Il mondo del design industriale è stato per molto tempo un settore molto tecnico, prevalentemente maschile. Industriali, tecnici, prototipisti che si sentivano a proprio agio tra di loro. Ma ci sono anche molti esempi di grandi imprenditrici come Maddalena De Padova e Patrizia Moroso per cui è indifferente lavorare con un progettista uomo o donna.
Philippe Starck , un anno fa ha dichiarato che il futuro è donna: lo pensi anche tu?
Visitando le scuole di design e i maggiori seminari in tutto il mondo è evidente una maggioranza femminile, anche se questo fenomeno non si è ancora esteso al mercato e all’industria. Ma credo che sarà una naturale conseguenza.
Lo slogan “less is more” ha salvato il design o lo ha troppo semplificato?

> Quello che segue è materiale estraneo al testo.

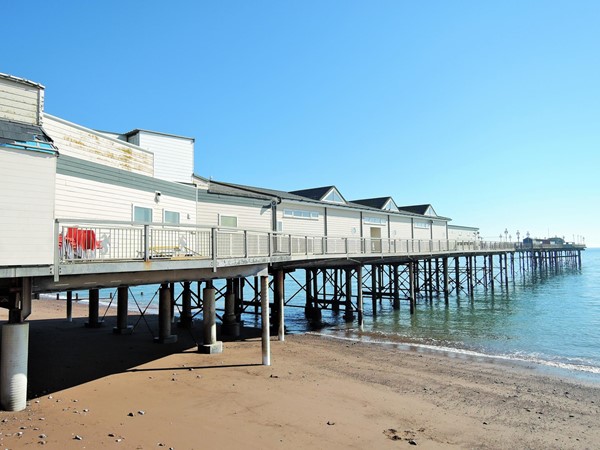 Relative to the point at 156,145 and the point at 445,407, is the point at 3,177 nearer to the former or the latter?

Non esistono diktat universali. Dalla relazione tra un designer e l’industria nascono ogni volta delle combinazioni diverse, irripetibili. Credo sia importante essere onesti e coerenti cercando di ottenere il massimo da questa unione. Senza seguire stili, mode o formule. Il designer essendo esterno all’azienda, ha l’obbligo di essere un elemento “di disturbo”, spostando i limiti esistenti, ma rispettando la tradizione e le potenzialità.
Ora si parla di energia, innovazione tecnologica, riciclo: pensi che questi elementi possano portare al design nuovi spunti?
Sono diventati elementi fondamentali del progetto. Ogni volta che inizio a lavorare su un nuovo prodotto, insieme all’industria, ci poniamo delle domande su come potrà essere smaltito alla fine del suo utilizzo e per questo utilizzare una minore diversità di materiali e una maggiore facilità di scomposizione; quante vite potrà avere, quanto tempo dovrà durare. Come potrà essere imballato per ridurre l’aria che deve viaggiare assieme al prodotto o ridurre l’ingombro e il peso complessivo. Come possiamo ridurre il consumo d’acqua e quello energetico. Il tutto senza perdere la qualità percepita. L’obiettivo principale è comunque non mettere al mondo oggetti inutili.
Dall’idea al progetto: raccontaci come nasce un tuo progetto e da cosa.
Sono molto rigorosa nel seguire un processo di progettazione. Le idee nascono da analogie con sollecitazioni che ricevo dalla vita di ogni giorno, dai viaggi, dai libri, dall’arte. Guardando con un punto di vista “inusuale” quello che è intorno a me. Poi nasce il momento più bello, che purtroppo è nascosto alla vista del pubblico, lo sviluppo del progetto. Un lavoro a quattro mani dove in molti momenti tutto sembra impossibile, ma da cui quasi magicamente nasce un prodotto industrializzato e riproducibile in serie.
Quali sono i pezzi della tua casa a cui non potresti rinunciare?
I prototipi di alcuni miei progetti. Mi ricordano le storie dietro ogni prodotto.
Cosa ti piacerebbe progettare ancora?
Il prossimo progetto. Non ho brief “ideali”, mi sento stimolata da ogni tipologia di prodotto. E ho lo stesso entusiasmo per un cucchiaino o una casa.
Sguardo al futuro: che cosa suggerisci ad una giovane designer che si affaccia ora al mondo del design?
Di scegliere i propri maestri. Quando si esce dall’università si hanno pochi bagagli. Questo limite ha dei vantaggi, si ha la leggerezza per poter viaggiare e pochi condizionamenti (e responsabilità) da subire.